La grande vague de transformations elle subit les contre-chocs d’une puissante offensive du 1 % à tous les niveaux : économique, géopolitique, culturelle, militaire. L’échec (temporaire espérons-le) des mouvements populaires dans la zone Maghreb-Machrek, le renversement de régimes de centre-gauche au Brésil, en Argentine (demain peut-être au Venezuela), le retournement de la Grèce qui bouscule l’agenda des mouvements populaires en Europe, sont autant d’indicateurs qui démontrent ce changement d’humeur. Certes partout, c’est la confrontation. Les mouvements ne sont pas « aplatis » (comme ils l’avaient été dans les années précédentes). La résistance reste forte. Il y a de grandes convergences pour faire échec à la droite. On voit même de nouvelles coalitions émerger, comme aux États-Unis avec la campagne de Bernie Sanders. Ce n’est pas rien !
On se retrouve néanmoins devant un mur néolibéral encore plus haut et encore plus dangereux, devant des gouvernements ou la religion de l’austérité s’imbrique dans une guerre culturelle de grande envergure, l’idéologie de tout-le-monde-contre-tout-le-monde comme on le sait.
Alors arrive dans la discussion le Forum social mondial. Doit-il continuer ? Changer ? Laisser la place ? Passer ton tour ? Depuis quelques temps, le débat est ouvert, comme on l’a constaté dans des rencontres récentes à Montréal, Salvador, Porto Alegre, Paris, Casablanca, Tunis, Barcelone, Philadelphie et ailleurs. La question dans la question est en fait : quel rôle peut jouer le Forum dans ce moment où les luttes sociales sont plutôt à la défensive ?
En fin de compte, tout le monde convient qu’un espace international, ouvert et pluraliste, est une bonne idée, à part quelques nostalgiques qui voudraient comme avant avoir un « quartier général » de la révolution mondiale ! Cet espace doit être en continuité avec le FSM de l’origine.

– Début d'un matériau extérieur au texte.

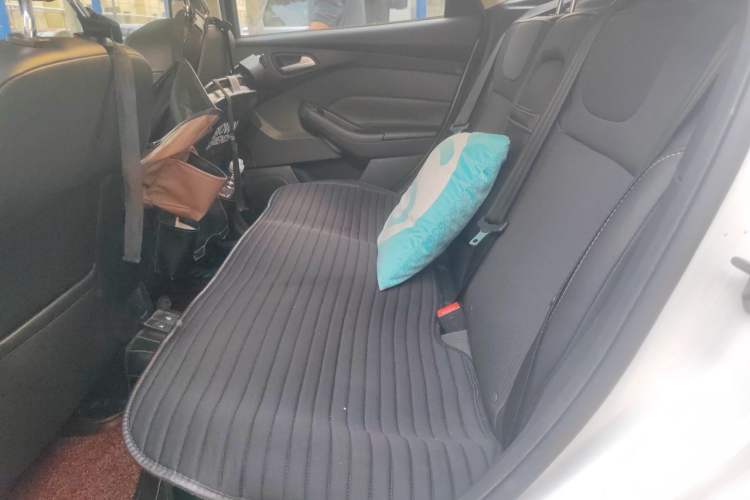 Used Ford Focus 2012 Hatchback 2.0L Manual Luxury Sport Model Left Rear Seat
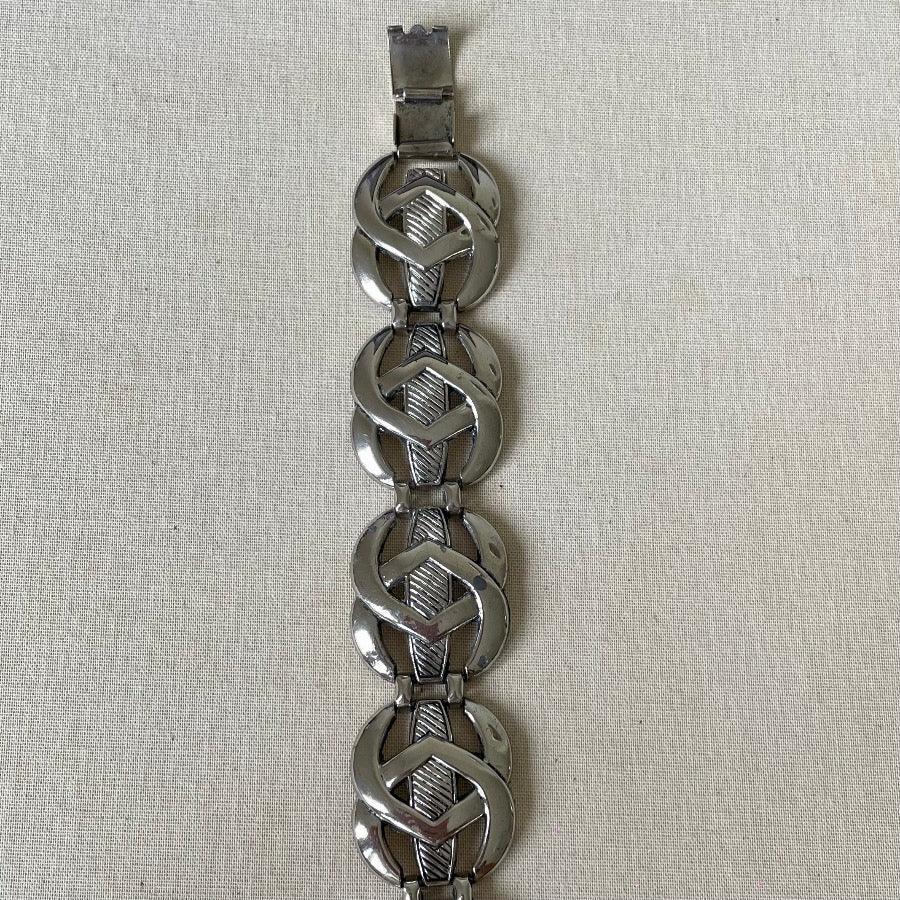 Vintage 70s Silver Decorative Chunky Bracelet - WŪHAŪS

Ce n’est pas et ne sera pas un lieu de prises de décisions, encore moins une entité qui dirait aux mouvements populaires du monde entier quoi penser et quoi faire !
Pour autant, il apparaît nécessaire de permettre davantage de concertation, pour ne pas dire de convergence. Dit autrement, l’expression de la diversité du mouvement ne doit pas être une entrave pour l’identification de lignes stratégiques, de grands points où on se retrouve ensemble. Le respect des opinions ne doit pas tomber dans une sorte de marasme où tout est dit, mais jamais rien n’est conclu, et où l’individualité doit toujours l’emporter sur le collectif. On dirait au Québec qu’il faut un « accommodement raisonnable », entre d’une part la subjectivité des « multitudes » et d’autre part, la construction de stratégies. C’est tout un pari, et l’occasion est belle à Montréal de créer les conditions pour une relance du FSM.
C’est dans ce sens en tout cas que se dirigent plusieurs regroupements d’organismes qui ont décidé de travailler ensemble, au lieu de présenter chacune leur idée, et d’établir les liens, non seulement entre divers organismes, mais entre les divers moments de la pensée critique : diagnostic, identification des buts à court et moyen termes, stratégies et moyens d’action. Vous verrez dans le programme du FSM des « espaces » qui concrétisent ainsi l’effort de plusieurs, et qui ont offrent des parcours de réflexion cohérents, organisés et pourvus en ressources. L’espace « émancipation » par exemple, coordonné par les Nouveaux Cahiers du socialisme, permettra ce genre d’exercices. Il y aussi l’espace « éducation » (coordonné par la FNEEQ), l’espace « solidarité internationale (AQOCI), l’espace du « quartier ouvrier » (FSC, CSQ, FTQ) et quelques autres regroupements où vous constaterez l’effort en cours. Cela sera un incitatif pour que vous preniez le temps de vous inscrire et de vous joindre à la vague le 9 août prochain.